Top of AVAILABLE DATA

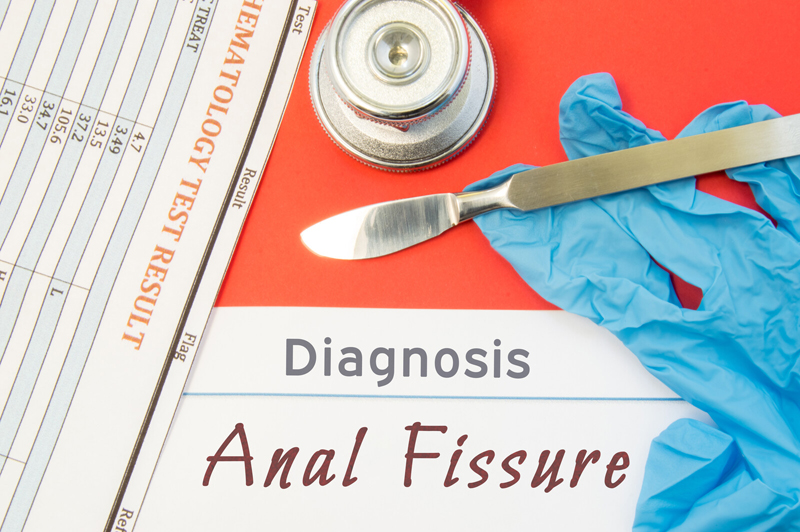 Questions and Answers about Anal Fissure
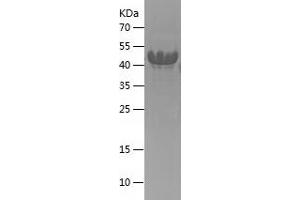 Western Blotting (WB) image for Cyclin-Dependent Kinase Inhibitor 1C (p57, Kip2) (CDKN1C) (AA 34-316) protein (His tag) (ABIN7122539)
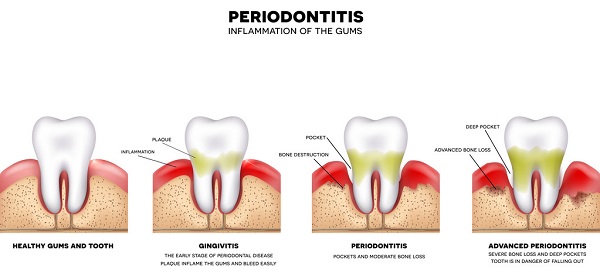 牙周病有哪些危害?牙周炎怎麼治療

Bottom of AVAILABLE DATA
Top of AVAILABLE DATA

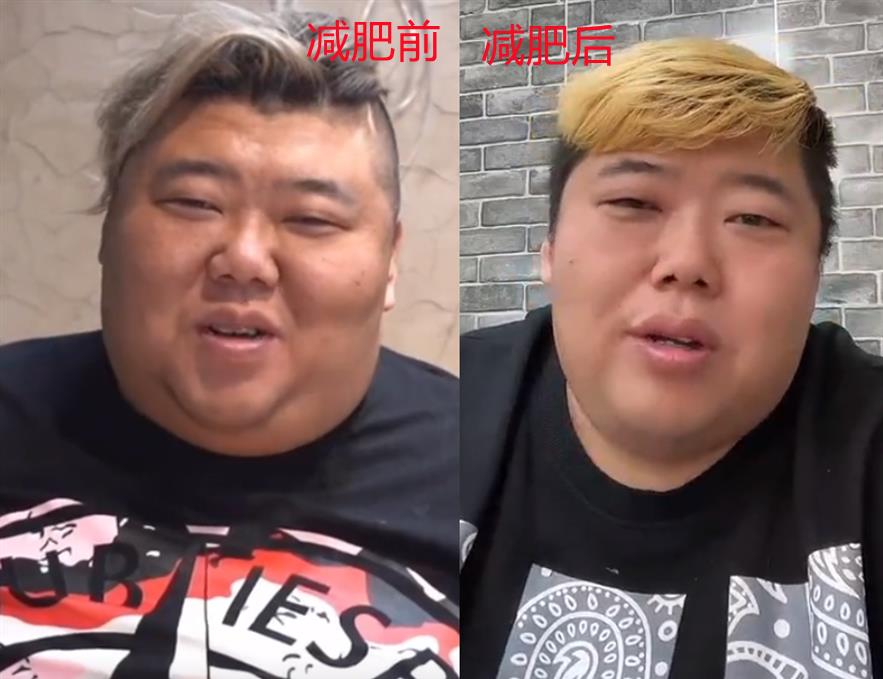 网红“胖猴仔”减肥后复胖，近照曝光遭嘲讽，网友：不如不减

Bottom of AVAILABLE DATA
Top of AVAILABLE DATA

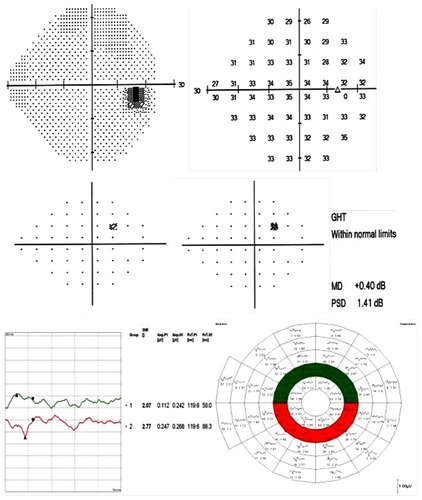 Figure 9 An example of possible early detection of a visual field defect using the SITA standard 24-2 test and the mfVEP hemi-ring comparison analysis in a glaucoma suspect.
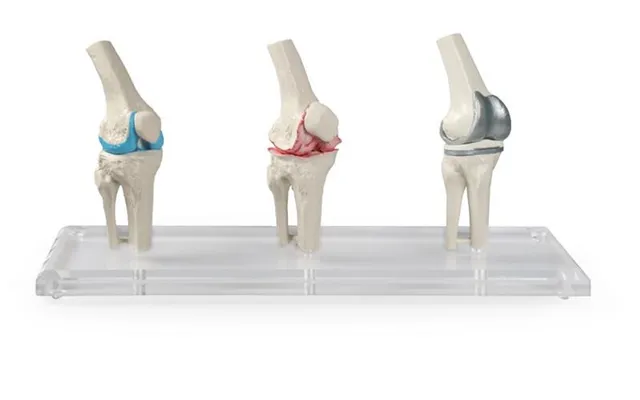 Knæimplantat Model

Bottom of AVAILABLE DATA

:: TASK ITEM ::
Give back the exact lines above, running from the one that has "Questions and Answers about Anal Fissure" through the one that has "牙周病有哪些危害?牙周炎怎麼治療", with nothing added and no pictures.

:: TASK RESULT ::
 Questions and Answers about Anal Fissure
 Western Blotting (WB) image for Cyclin-Dependent Kinase Inhibitor 1C (p57, Kip2) (CDKN1C) (AA 34-316) protein (His tag) (ABIN7122539)
 牙周病有哪些危害?牙周炎怎麼治療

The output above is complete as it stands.